Evaluating Jetting Components

For proper tuning, it's crucial to evaluate and potentially adjust all of these components:

• Main Jets: Determine the maximum fuel flow at wide-open throttle (WOT).
• Air Correction Jets: Influence the mixture at higher RPMs and throttle openings, helping to eliminate flat spots.
• Emulsion Tubes: Crucial for precise air-fuel mixing across the RPM range.
• Idle Jets: Control the mixture at idle and off-idle transitions.
• Throttle Pump Nozzles: Dictate the amount of fuel squirted during acceleration.

Example Jetting Specifications

While specific engines require specific tuning, here are some baseline jetting examples for common setups. Remember, these are starting points, and fine-tuning to your exact engine characteristics is always recommended.

A-Series Engine (Performance 32/36 Kit Baseline)

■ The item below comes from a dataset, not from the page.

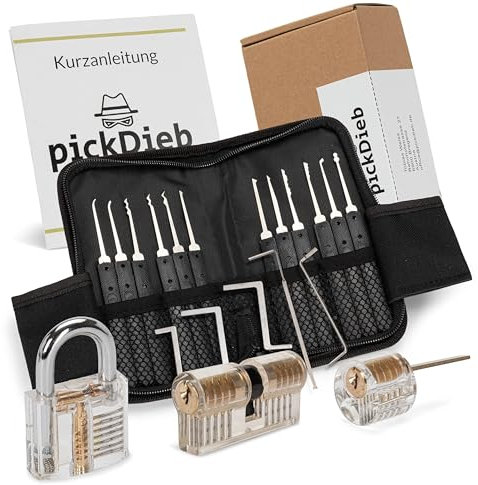 pickDieb - 26-teiliges Lockpicking Set mit 3 transparenten Übungsschlössern + Abdeckungen und Anleitung | Schlosszylinder aus Metall | Dietrichset für Anfänger und Fortgeschrittene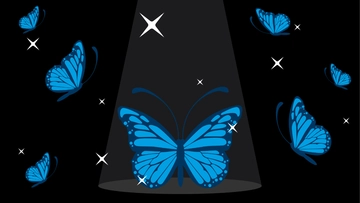 Free Blue Butterfly Black Background to Edit Online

Presumably for a stock engine, this jetting often comes with performance kits:

Anb008's dyno-tuned A12 with a Weber 32/36 showed slightly different optimized settings:

L-Series Engine (L16/L18/L20B Baseline)

This jetting is a good starting point for L-series engines (e.g., Datsun 510 L16) and can also work fairly well with an A12:

Note: Weber 38/38, DCD, or other downdraft carburettors will require different jetting.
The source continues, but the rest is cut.